Your instructions:
The lines from the one with "Brynäs Anton Mylläri utan hjälm" through the last line of the material below, copied exactly and free of pictures, make up the whole answer.

Raw data:
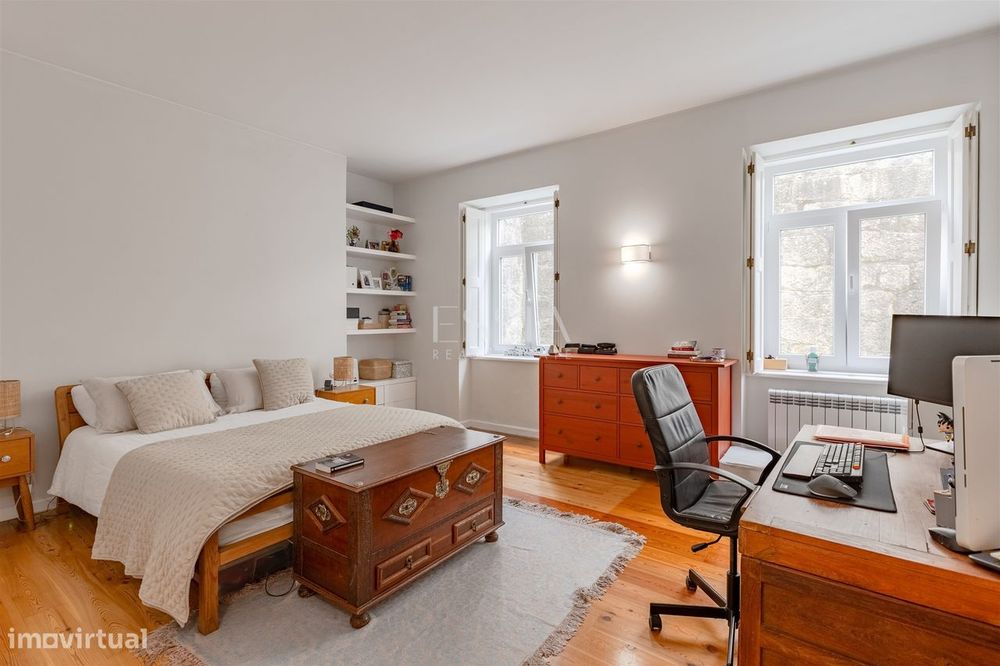 Apartamento T4 na Foz Velha a 150 metros do mar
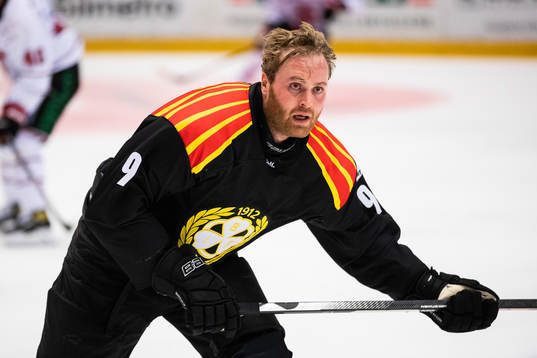 Brynäs Anton Mylläri utan hjälm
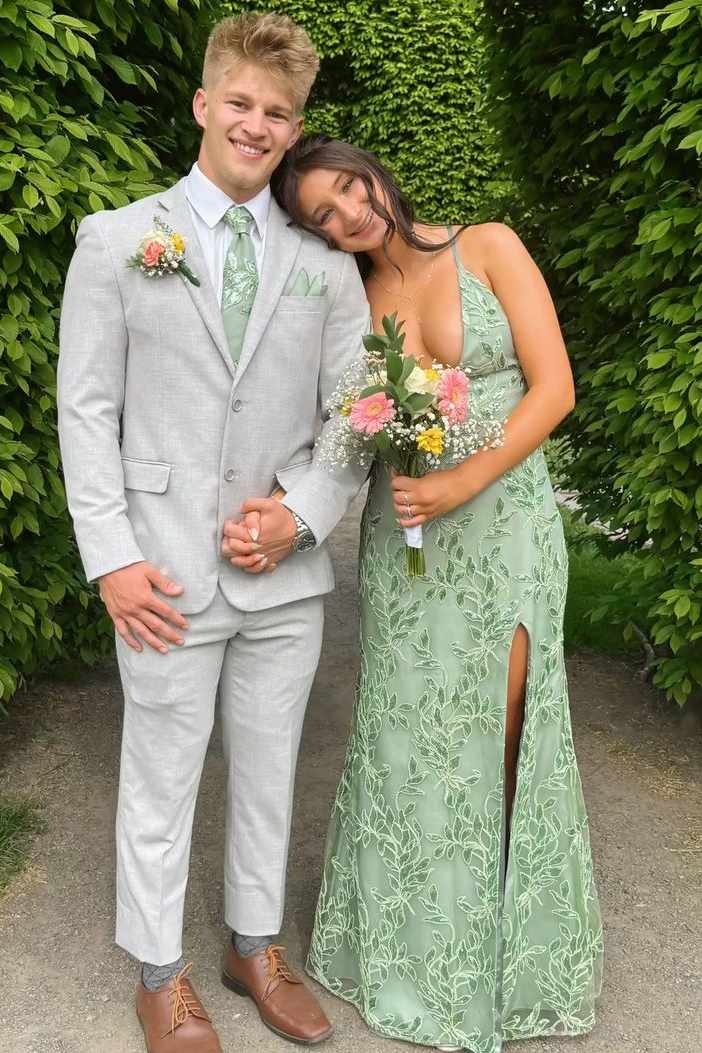 Gorgeous V-Neck Spaghetti Straps Lace Appliques Prom Dress with Slit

Solution to this problem:
 Brynäs Anton Mylläri utan hjälm
 Gorgeous V-Neck Spaghetti Straps Lace Appliques Prom Dress with Slit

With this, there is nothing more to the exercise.